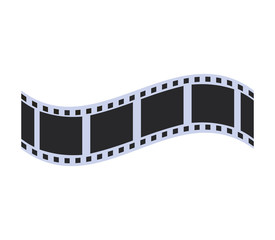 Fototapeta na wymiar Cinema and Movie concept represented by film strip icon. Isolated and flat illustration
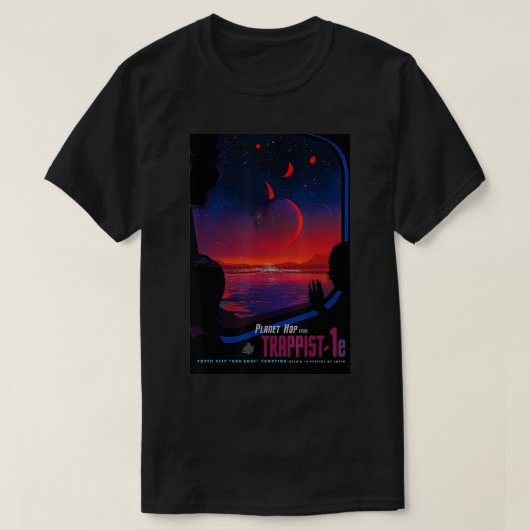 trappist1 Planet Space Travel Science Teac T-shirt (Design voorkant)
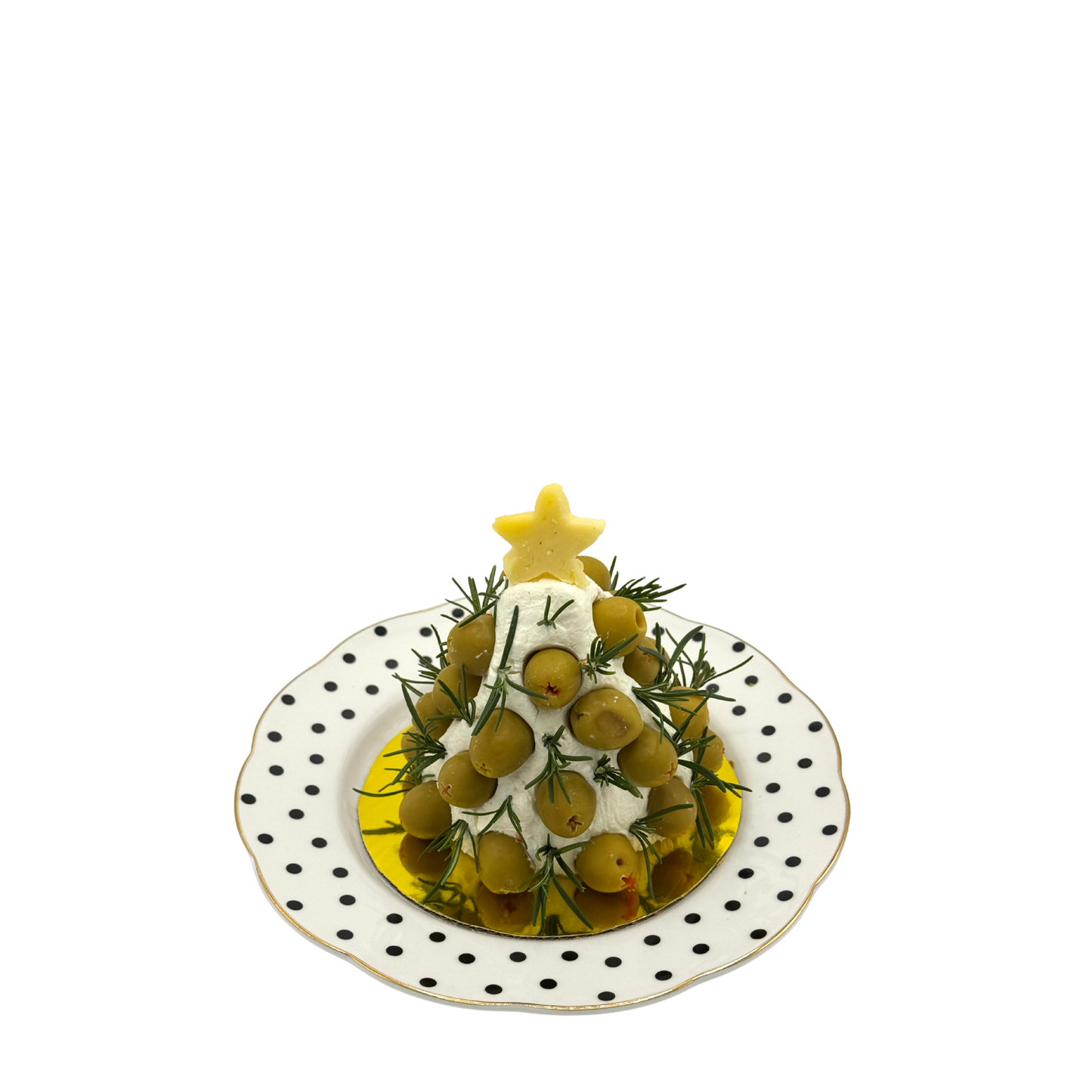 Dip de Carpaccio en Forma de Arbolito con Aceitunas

--

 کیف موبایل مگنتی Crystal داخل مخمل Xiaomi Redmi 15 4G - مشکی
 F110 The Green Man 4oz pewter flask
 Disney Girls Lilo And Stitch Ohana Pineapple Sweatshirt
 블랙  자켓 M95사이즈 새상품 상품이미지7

## Your assignment
Keeping every character as it is, restate the lines above that run from the line with "کیف موبایل مگنتی" through the line with "M95사이즈 새상품 상품이미지7", both included, and nothing else.

## Solution to the exercise
 کیف موبایل مگنتی Crystal داخل مخمل Xiaomi Redmi 15 4G - مشکی
 F110 The Green Man 4oz pewter flask
 Disney Girls Lilo And Stitch Ohana Pineapple Sweatshirt
 블랙  자켓 M95사이즈 새상품 상품이미지7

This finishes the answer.